Cuando, en el verano de 1914, estalló la Gran Guerra, una oleada de belicismo se extendió por los países de Europa, derribando los intentos de solidaridad internacional que trataban de abrirse paso por el viejo continente. La mayor parte de la población abrazó la guerra con entusiasmo, y con la creencia de que sería una contienda corta. No todos pensaban así. En el Reino Unido, lord Herbert Kitchener, recién nombrado secretario de estado para la Guerra, estaba convencido de que la lucha se alargaría e hizo un llamamiento para reunir medio millón de voluntarios al que se presentaron dos millones y medio de civiles que nunca habían tenido nada que ver con el ejército. Oficinistas, futbolistas, tenderos, mineros, obreros o simplemente paisanos de un pueblo o de un barrio concreto formaron los llamados “Pals Battalions”, batallones de colegas, donde muchos se conocían. La idea parecía buena ya que se esperaba que el sentimiento de emulación y el orgullo los llevarían a tratar de superarse unos a otros, pero, cuando aquel 1 de julio los cosechó la muerte, calles, clubes, familias o fábricas enteras quedaron enterradas por el duelo.

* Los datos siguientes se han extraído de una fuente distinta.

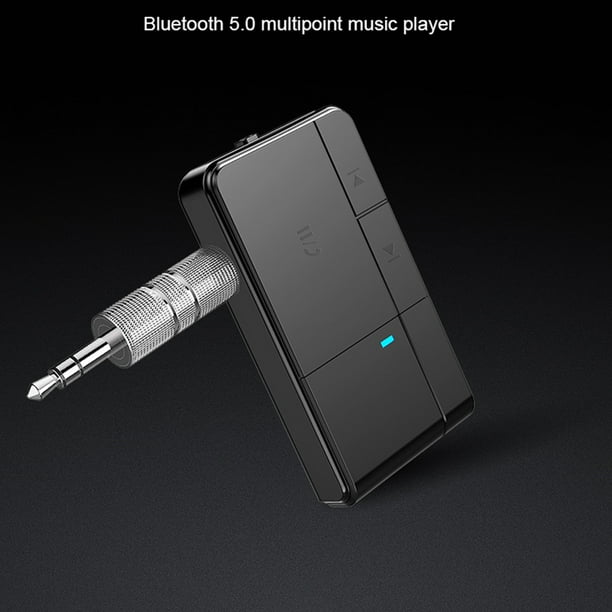 Receptor Bluetooth Audio, Adaptador Bluetooth 5.0 Cable , Cancelación de  Ruido, Enlace Dual Receptor Macarena Receptor bluetooth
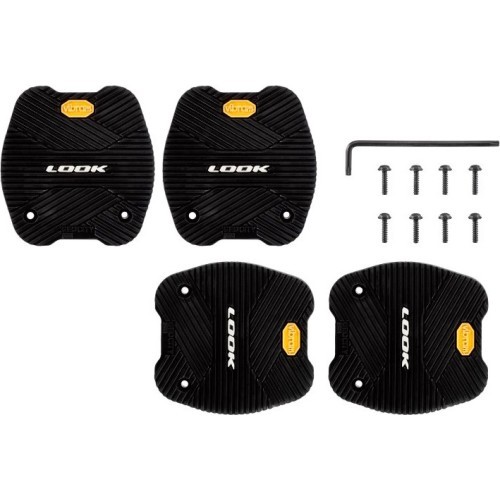Look City Grip Platform Pedals Black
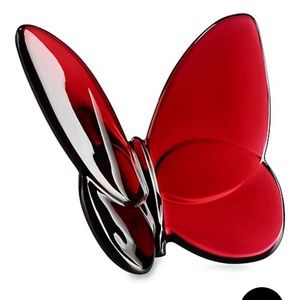 Baccarat butterfly decor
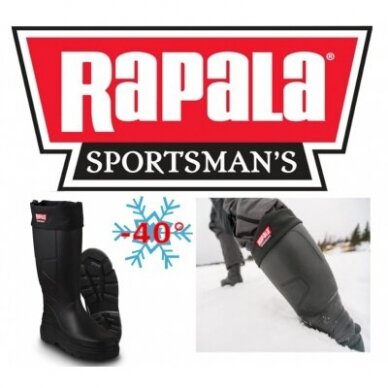 Rapala Sportsman’s boots  Frost Spikes -40 1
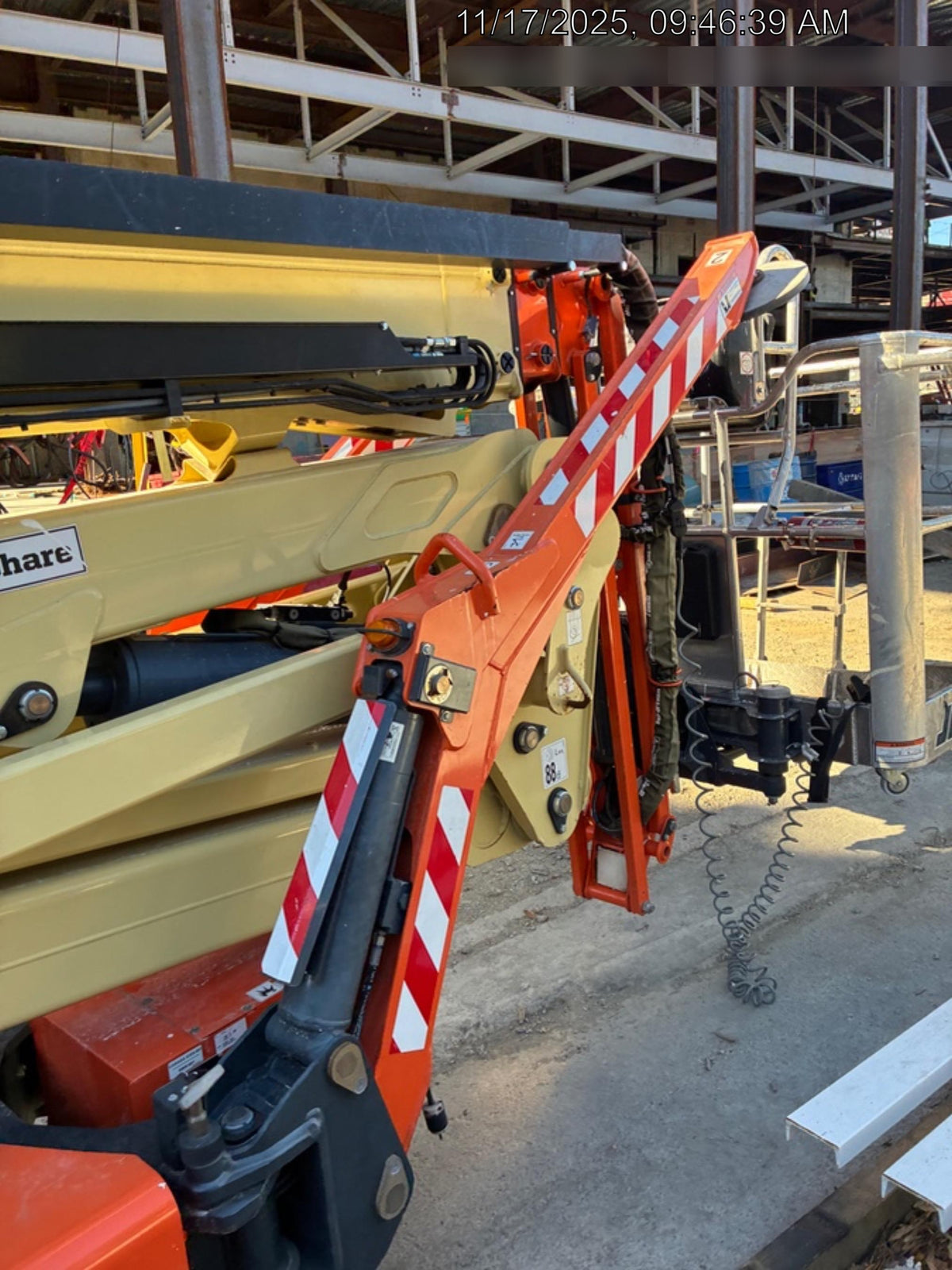 2021 JLG X770AJ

Sin embargo, para los hombres que vieron amanecer desde el fondo de las trincheras, listos para salir al asalto, el sufrimiento todavía estaba en el futuro. Tras dos años de entrenamiento, para muchos de ellos aquel iba a ser el gran día, la batalla para demostrar lo que valían. El Reino Unido había llegado al frente por fin, para lanzar una ofensiva que desbarataría definitivamente a los ejércitos del káiser. Aquellos soldados, que desconocían por completo las unidades militares en las que estaban integrados, que dudaban a la hora de indicar el número de su brigada y que se identificaban sobre todo por el nombre oficioso de su unidad de camaradas –los “colegas de Sheffield” (12.º Batallón del Lancaster Regiment), o la “peña de Hull” (como se identificaban los hombres de cualquiera de los batallones del East Yorkshire Regiment integrados en la 92.ª Brigada)– estaban a punto de ver como sus pequeños mundos eran desbaratados por el fuego y la metralla.

El desafío del asalto

En las trincheras frente a Serre, el sargento Jimmy Miers, de los “colegas de Bradford”, chequeó su ametralladora Vickers por enésima vez. Aunque pudiera desmontarse en cinco partes, trasladarla a través del terreno suelto junto con miles de balas, no separarse de la primera oleada de la infantería, llegar a la primera línea alemana y montar el arma a la velocidad del rayo para apoyar a los suyos iba a ser todo un desafío, pero estaba preparado. Por el contrario, el soldado Willie Parker, de los “colegas de Sheffield”, no lo estaba. Nada más alistarse en 1914 había pasado por un entrenamiento de seis meses, pero luego, por ser ingeniero, lo habían enviado a trabajar a la fábrica de armas Armstrong-Whitworth. Para cuando llegó al frente dos semanas antes apenas sabía disparar su arma, pero tras haber insistido, rogado, amenazado y coaccionado tanto a sus jefes en la fábrica como al ejército o a los políticos locales, allí estaba por fin.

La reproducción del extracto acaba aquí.